Greater transparency would also have other benefits. If regulators had ready access to current OTC derivatives transaction information in trade repositories, I suspect that this would serve as a brake on the use of OTC derivatives that are used for more questionable purposes. For example, this includes trades undertaken to evade accounting rules or to circumvent investment charter limitations. Such transparency would also allow regulators to monitor and identify concentrations and trading patterns that might be related to market manipulation.
In addition, if the public had more detailed information about the OTC derivatives positions of market participants, market discipline would be enhanced by providing market participants with information that would help assess risks during times of stress. Uncertainty about the valuations of complex derivatives due to the lack of price transparency was a factor that exacerbated the financial crisis. Large financial institutions became less willing to engage with one another because of an inability to assess the size of the exposures or to value the opaque positions held by their counterparties.
My third regulatory reform concern is that the Federal Reserve's role in regulatory oversight will be excessively constrained going forward. This threatens to throw the baby out with the bathwater.
The Federal Reserve made mistakes, as did others, in the run-up to the crisis. We are fully cognizant of that, which is why we are revamping how we oversee the financial system and supervise large, systemically important institutions. To cut back our bank supervisory role significantly would be a mistake because macroprudential supervision is important; the Federal Reserve is particularly well suited to this role; and because bank supervision helps inform the Fed in its lender-of-last-resort role and in the conduct of monetary policy.
Macroprudential supervision, which I characterize as the top-down assessment of risks throughout the financial system, is essential because it addresses the problem of gaps in the regulatory regime and the regulatory arbitrage that such gaps can encourage. In addition, macroprudential supervision is needed because the financial system is interconnected. As amply demonstrated during the crisis, siloed regulatory oversight is problematic. Supervisory practices must be revamped so that supervision is also horizontal—looking broadly across banks, nonbanks, capital markets, payment and settlement systems and geographies.
In the United States, the Federal Reserve is well suited to play a major role in such oversight because it alone has the expertise in three major aspects of the financial system—banking, capital markets, and payments and settlement systems. It also currently has oversight responsibility for most of the firms that one would view as systemically important.

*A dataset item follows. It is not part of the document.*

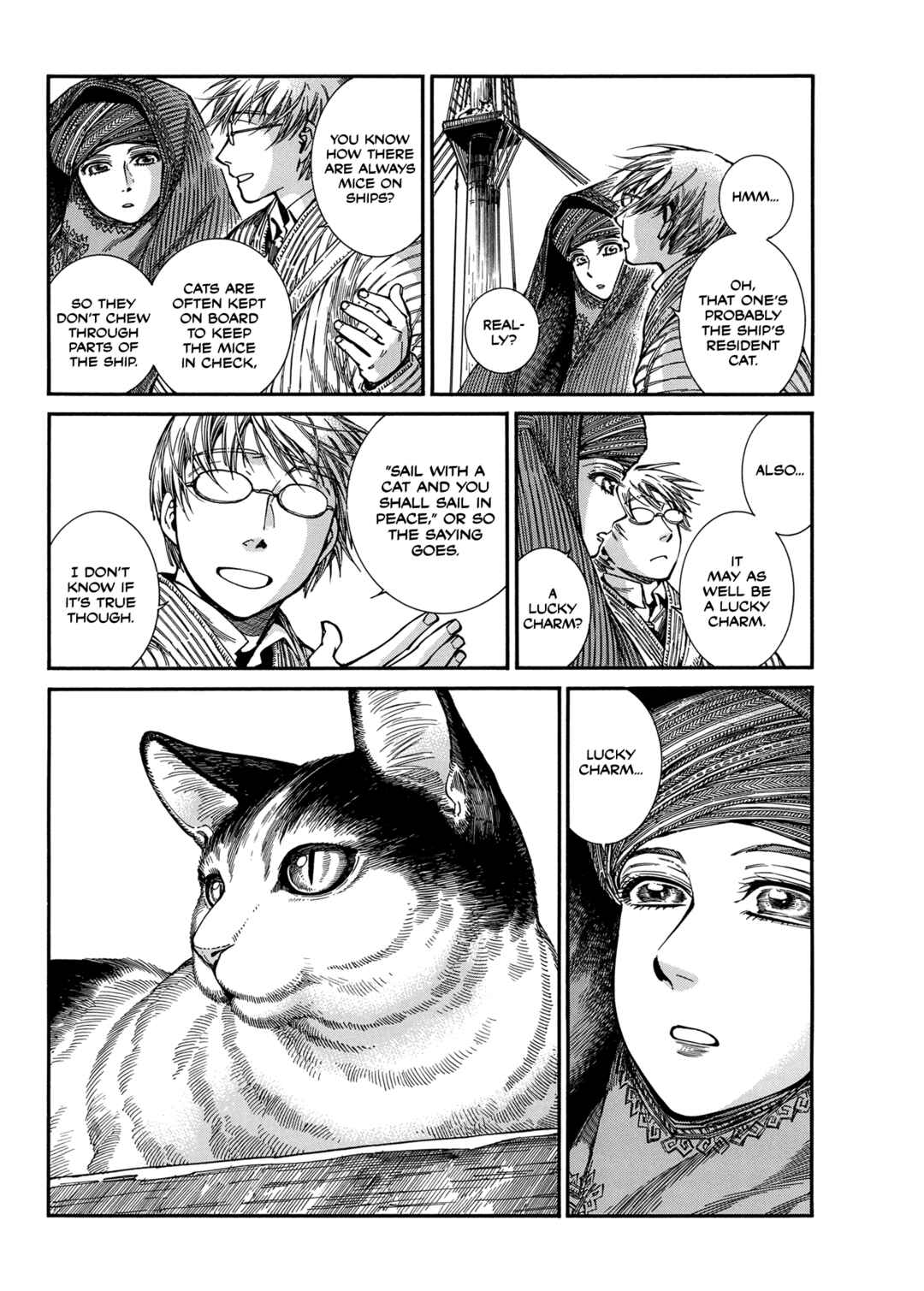 Otoyomegatari Chapter 105 - Page 10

In evaluating what the Federal Reserve should do, it is important to recognize that the Federal Reserve's three primary roles—monetary policy, the lender of last resort function, and supervision—are closely interlinked. Each one of these activities helps the Federal Reserve perform the others. For example, the information we collect as part of the supervisory process gives us a frontline, real-time view of the state of the financial industry and broader economy. Monetary policy is more informed as a result. Only with this knowledge can a central bank understand how the monetary policy impulse will be propagated through the financial system and affect the real economy.
Similarly, involvement in the supervisory process gives us critical information in fulfilling our lender-of-last-resort responsibilities. Information sharing with other agencies is simply not as good as the intimate knowledge and understanding of markets and institutions that is gathered on a first-hand basis. Indeed, many institutions at the center of the crisis and arguably the most troubled—Bear Stearns, Lehman Brothers, Merrill Lynch, AIG and the government-sponsored enterprises—were not supervised by the Federal Reserve. Consequently, when those institutions came under stress, the Federal Reserve had poorer quality and far less timely information about the condition of these institutions than would have been the case if we had had the benefit of direct supervisory oversight.
Let me now shift gears and turn to the two macroeconomic policy issues: fiscal sustainability and balanced global economic activity. The deep downturn in economic activity has led to a sharp deterioration in the fiscal condition of many countries—the United States is no exception. The problem is not so much that the economic downturn has caused large budget deficits to open up—this always happens when a decline in economic activity leads to a sharp drop in revenue and increased spending on the safety net—but instead is more due to the fact that these deficits generally have a very large structural component. By structural, I mean that the deficits are projected to be persistent—absent changes in tax and spending policies—even after the individual economies have recovered and the unemployment rates in these countries have fallen as low as is possible, consistent with price stability.
Fiscal stimulus measures undertaken to support demand have been responsible for much of the recent deterioration in the structural budget deficits. For example, in the United States, the Congressional Budget Office estimates that the structural federal budget deficit rose by nearly $1 trillion between fiscal 2007 and fiscal 2009, to $1.1 trillion or 7.3 percent of potential GDP.
Obviously, different people have different views as to how much stimulus was needed and the form of that stimulus. But to me it is clear that an accommodative fiscal stance was the appropriate policy response given the circumstances. In the case of the United States, without substantial fiscal stimulus, the economy would have been even weaker and the unemployment rate considerably higher. Given the fact that the federal funds rate could not be pushed any lower, fiscal stimulus was indeed important in stabilizing the economy.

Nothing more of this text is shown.